I see that the ogr provider computes numberMatched when asking for the hits (does it make sense to generate a "next" link for the hits?):
https://github.com/geopython/pygeoapi/blob/6c31a8e371d10750f265357bab62b45bfa9abc8f/pygeoapi/provider/ogr.py#L597-L601
This is the reply for the records:
https://github.com/geopython/pygeoapi/blob/6c31a8e371d10750f265357bab62b45bfa9abc8f/pygeoapi/provider/ogr.py#L550-L553
The main issue in using layer.GetFeatureCount() is that could kill performances in some cases, but we do not need to use that just to know if there are more records: we can increment numMatched if there is more, so that the next link is generated.
numberMatched (and numberReturned for that matter, even though it is mostly a function of len(features])) are optional properties of an OGC API - Features /collections/{collectionId}/items response. numberMatched may be expensive to calculate in some cases, which is why it is optional (some search engines exhibit the same behaviour).

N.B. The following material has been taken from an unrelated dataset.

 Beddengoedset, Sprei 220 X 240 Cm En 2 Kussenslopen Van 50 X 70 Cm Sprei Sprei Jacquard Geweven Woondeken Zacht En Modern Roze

Having said this, prev/next links are also optional parts of an OGC API - Features /collections/{collectionId}/items response.
As a result, providers are not required to implement paging, however it is great if they can do so efficiently.

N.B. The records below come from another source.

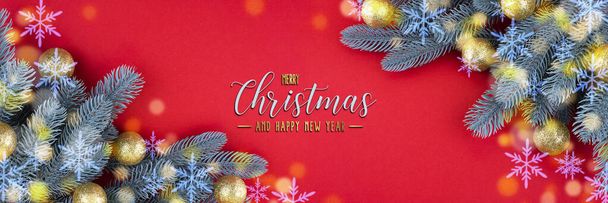 Happy New Year and Merry Christmas red background. Bright Christmas background. - 写真・画像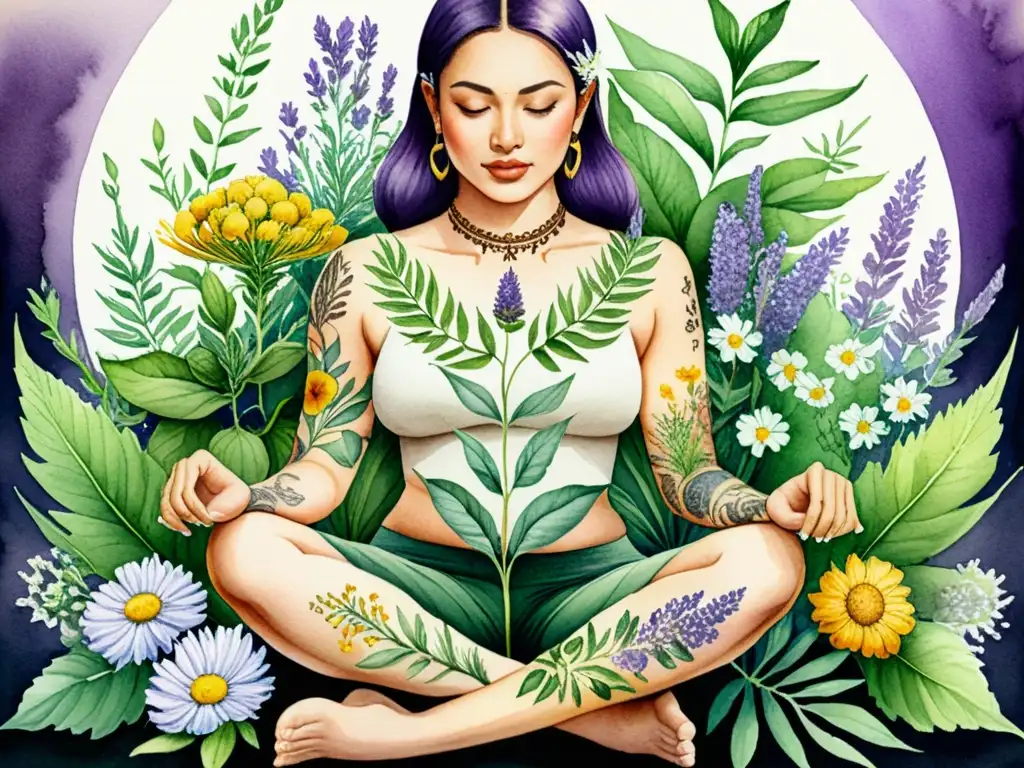 Retrato detallado acuarela con tatuajes de plantas medicinales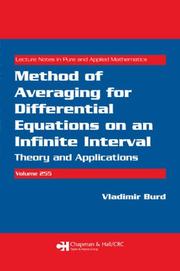 Cover of: Method of Averaging for Differential Equations on an Infinite Interval: Theory and Applications (Lecture Notes in Pure and Applied Mathematics)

@frafra what is the status of #1662?
Dug into this...
To my knowledge paging used to work, at least for the OGR Provider with for example WFS (mapped to WFS v2 Paging). This can be activated with source_capabilities: {paging: True} (default is False) in the OGR Provider specific config like in the demo config. It may have worked for all Providers possibly because handled at pygeoapi API level (?).

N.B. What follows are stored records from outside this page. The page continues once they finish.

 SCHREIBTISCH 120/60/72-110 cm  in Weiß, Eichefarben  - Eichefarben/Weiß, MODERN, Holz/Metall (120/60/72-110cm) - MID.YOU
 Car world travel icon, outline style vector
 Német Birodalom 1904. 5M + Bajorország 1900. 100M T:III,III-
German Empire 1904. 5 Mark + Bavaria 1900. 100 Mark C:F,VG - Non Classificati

...digging into older versions of the repo....
I found in an early version ofapi.py (now split and for Features implemented in api/itemtypes.py), after thequery() call:
if len(content['features']) == limit:
next_ = offset + limit
content['links'].append(
{
'type': 'application/geo+json',
'rel': 'next',
'title': 'items (next)',
'href': '{}?offset={}{}'
.format(
uri, next_, serialized_query_params)
})
So the 'next' link is generated when a 'full page' (limit) of Features is returned. This is a bit of an heuristic, assuming the last page will have less than limit features. The only edge case is when the Collection contains N * limit number of Features. Ok, then the 'next' link will render zero Features. Somehow the above has been replaced with the current:
if 'numberMatched' in content:
if content['numberMatched'] > (limit + offset):
next_ = offset + limit
next_href = f'{uri}?offset={next_}{serialized_query_params}'
content['links'].append(
{
'type': 'application/geo+json',
'rel': 'next',
'title': l10n.translate('Items (next)', request.locale),
'href': next_href
})
which relies on numberMatched and is only supported by a few providers.
Like @frafra indicates, also IMO, we do not need the size of all (matched) records in the collection, only if there is a 'next' Feature, thus page. But also this will not apply to all providers.
We could also bring back the original heuristic. I would be in favor as there is no extra performance cost.